**What you are asked to do:**
Beginning at the line with "Anillo de Plata con Perlas Negra", please repeat each line exactly through the end of the records below, including that first line and the last, but no pictures.

====== Record excerpts ======

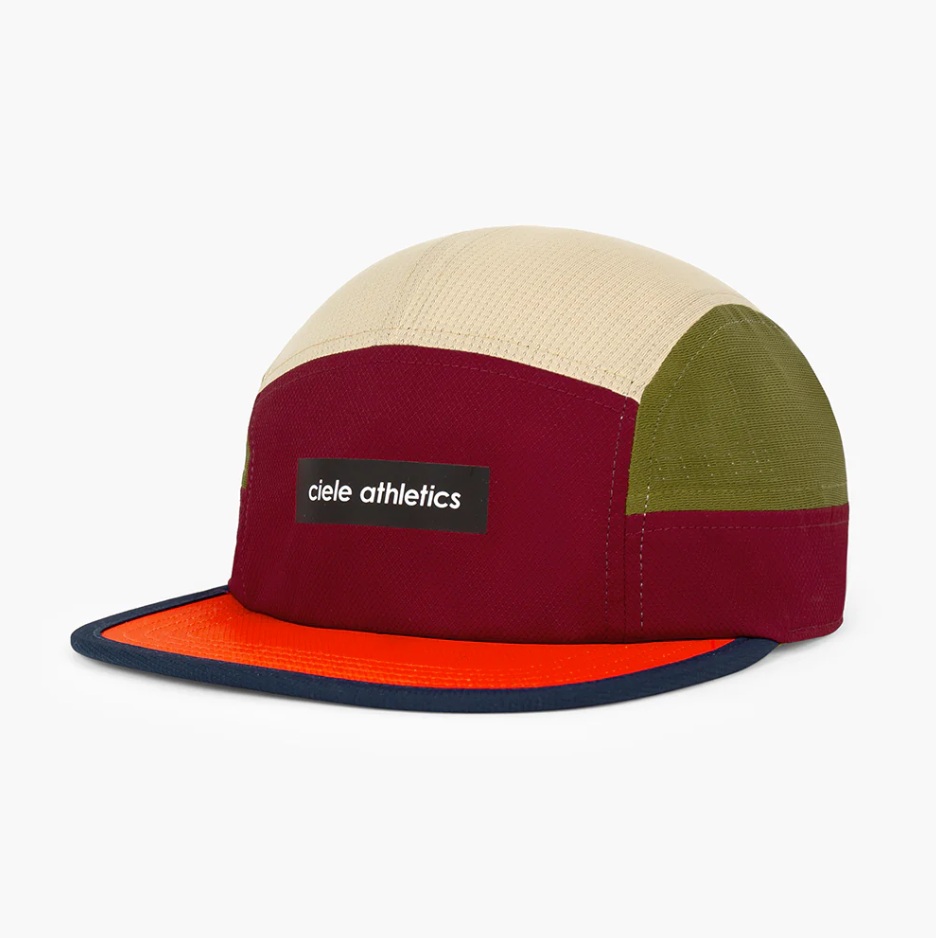 Ciele GOCap - Field - Iconic Bar - Crimson Red - Terrain - M/L
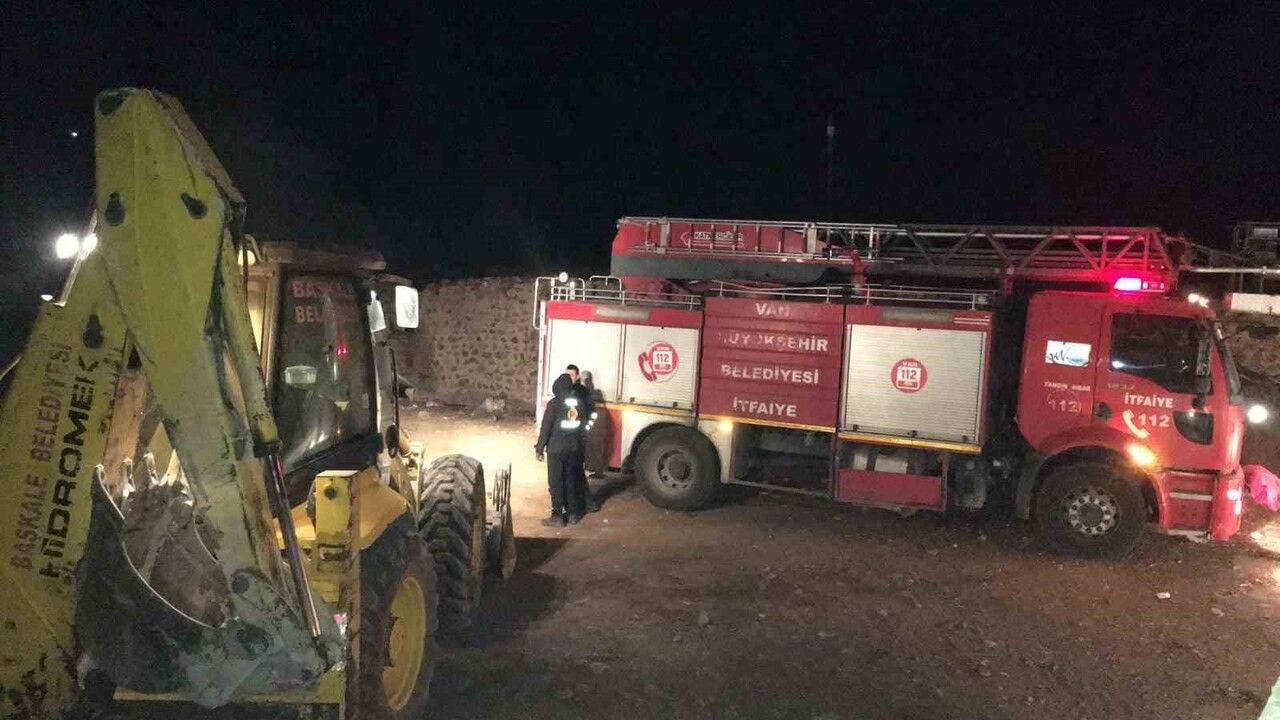 Başkale'de Samanlık Yangını Söndürüldü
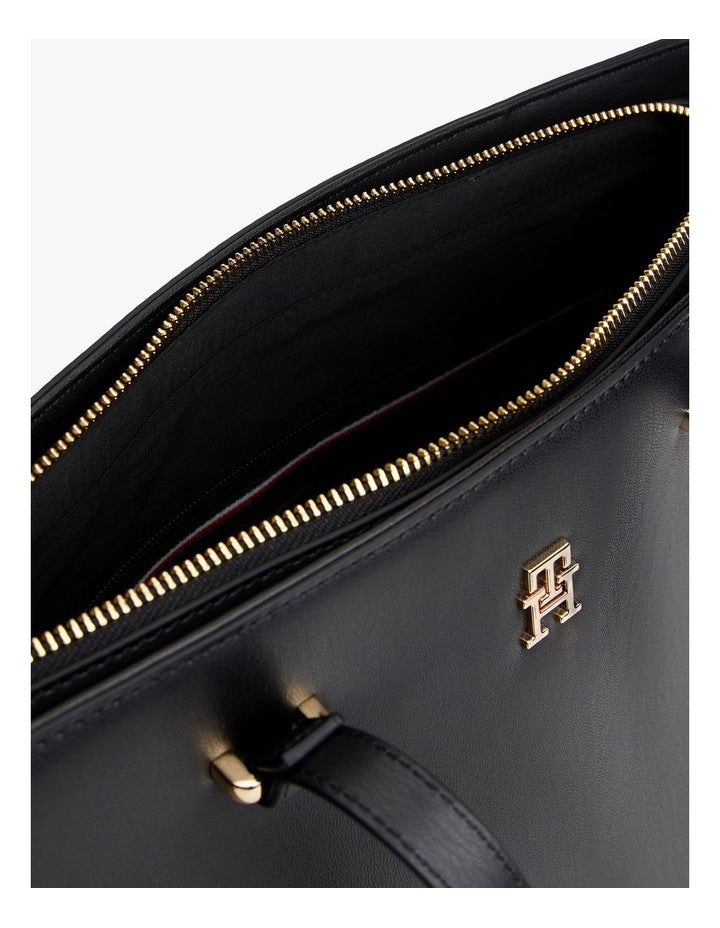 Solid Tote Bag in Black
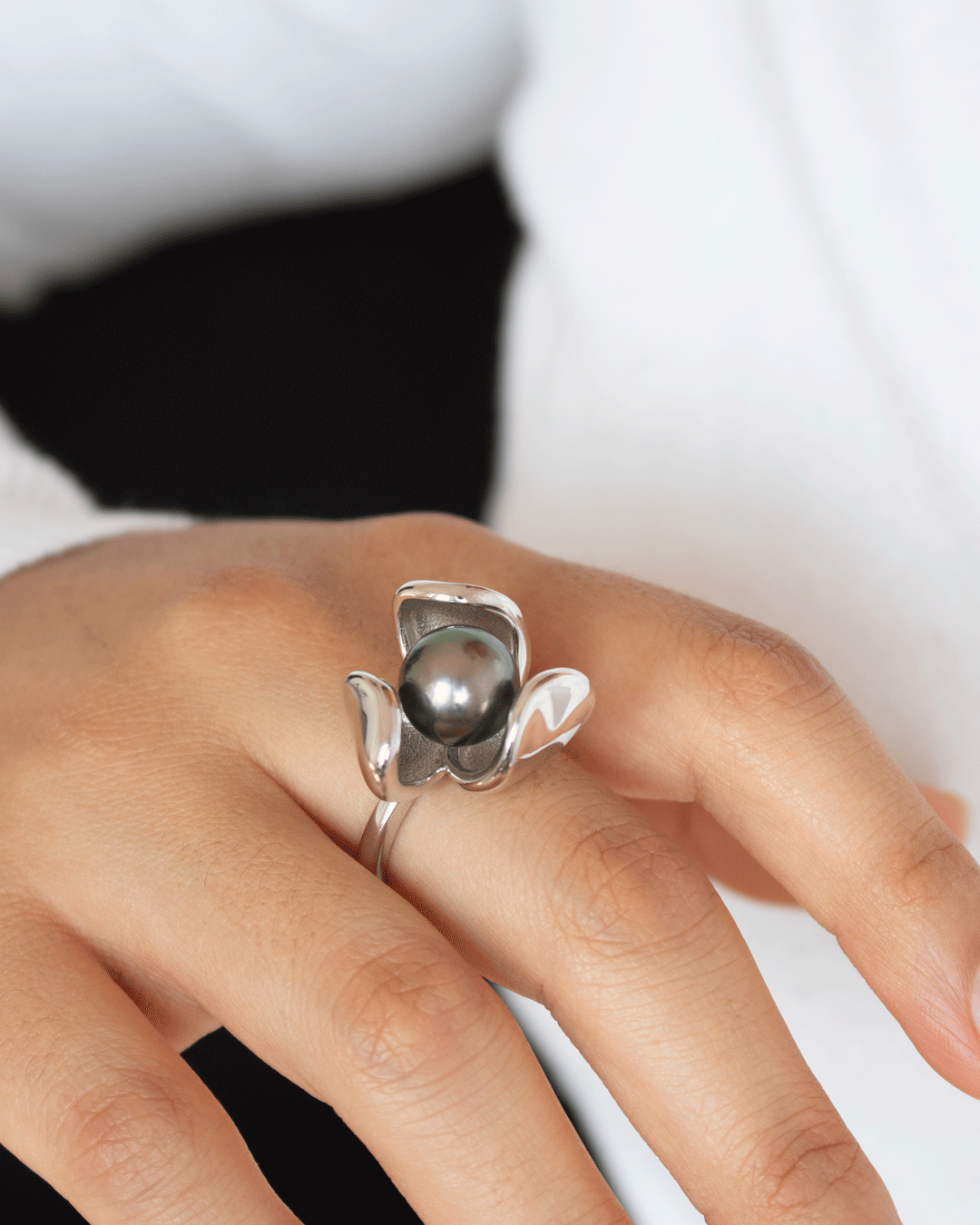 Anillo de Plata con Perlas Negra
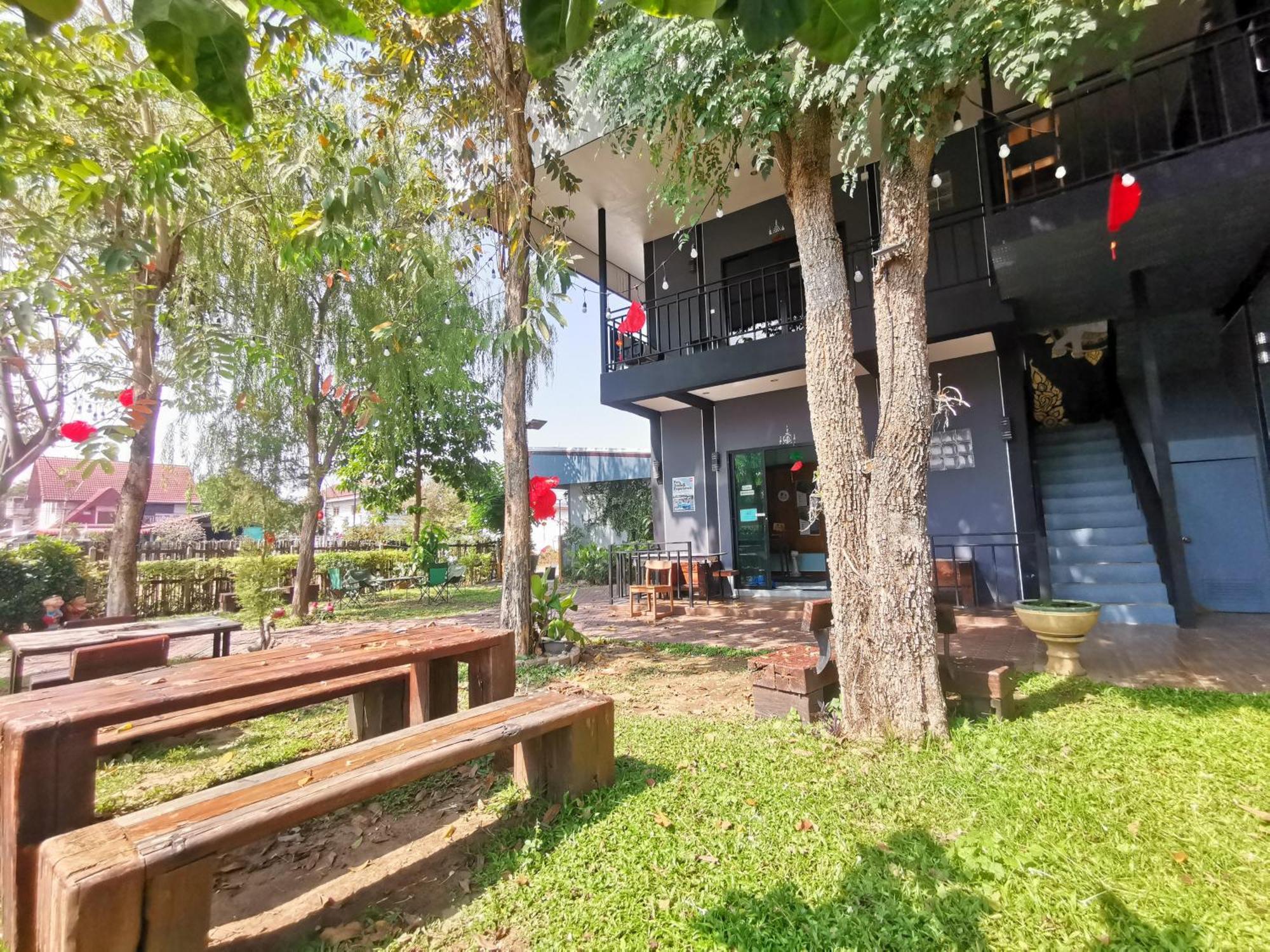 Kan Home Hotel Kanchanaburi Luaran gambar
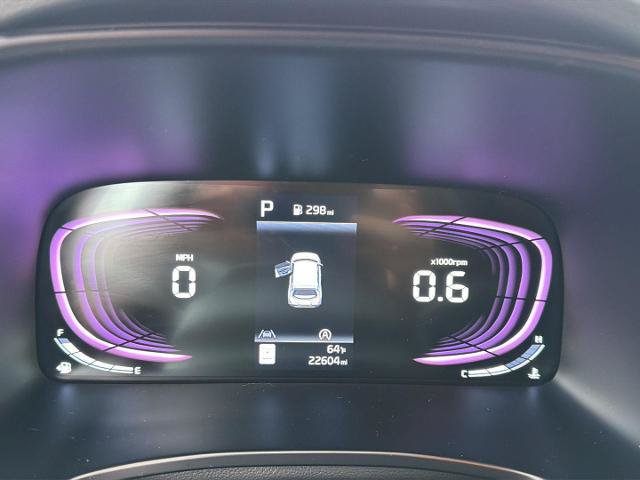 Used 2025 Kia Soul LX w/ LX Technology Package FWD image 13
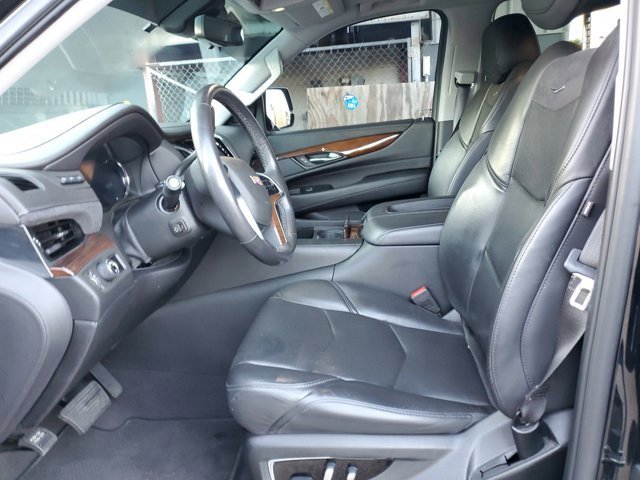 Used 2020 Cadillac Escalade Luxury image 3
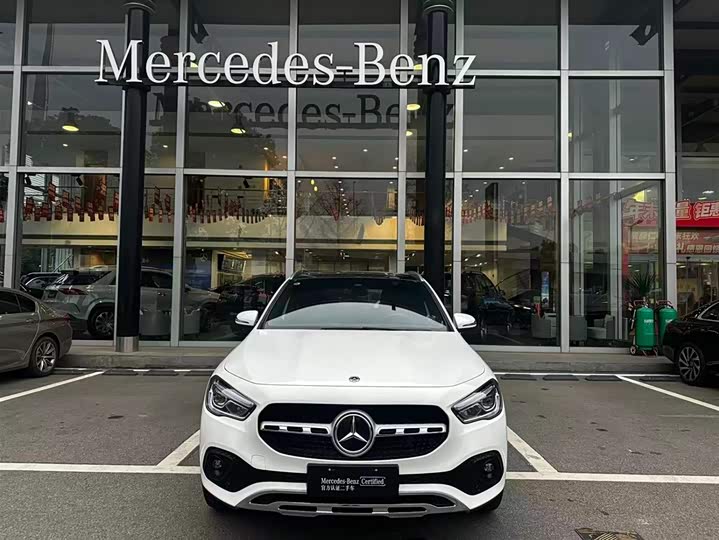 Фото 2 - Mercedes-Benz GLA-Class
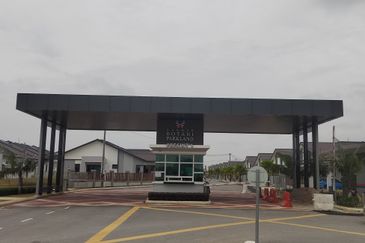 Bandar Botani Parkland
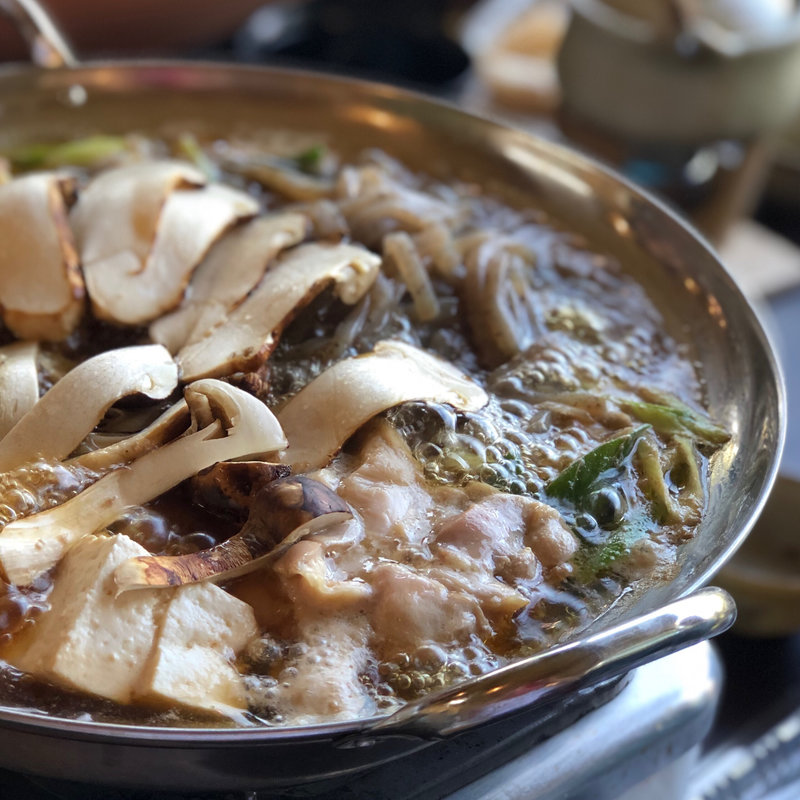 松茸なべ(あぜみち山荘 （信州上田の松茸料理）)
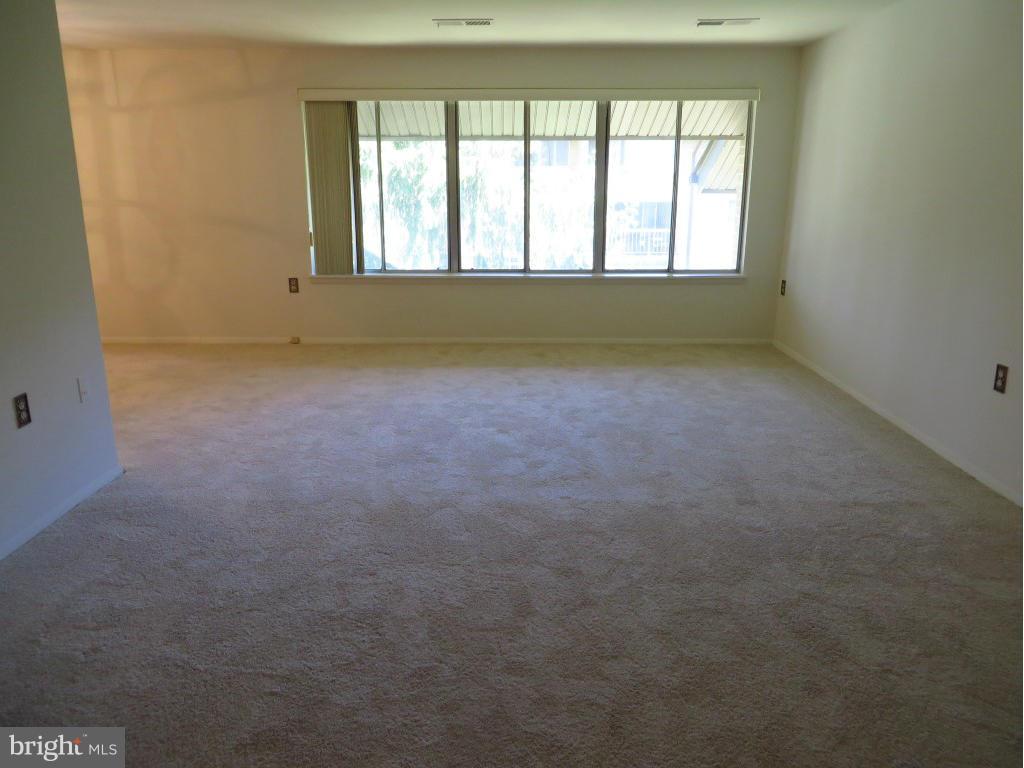 18620 Walkers Choice Road, Unit 5 Gaithersburg, MD 20886 - Photo 8 of 27 Living Room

======

**Result of the task:**
 Anillo de Plata con Perlas Negra
 Kan Home Hotel Kanchanaburi Luaran gambar
 Used 2025 Kia Soul LX w/ LX Technology Package FWD image 13
 Used 2020 Cadillac Escalade Luxury image 3
 Фото 2 - Mercedes-Benz GLA-Class
 Bandar Botani Parkland
 松茸なべ(あぜみち山荘 （信州上田の松茸料理）)
 18620 Walkers Choice Road, Unit 5 Gaithersburg, MD 20886 - Photo 8 of 27 Living Room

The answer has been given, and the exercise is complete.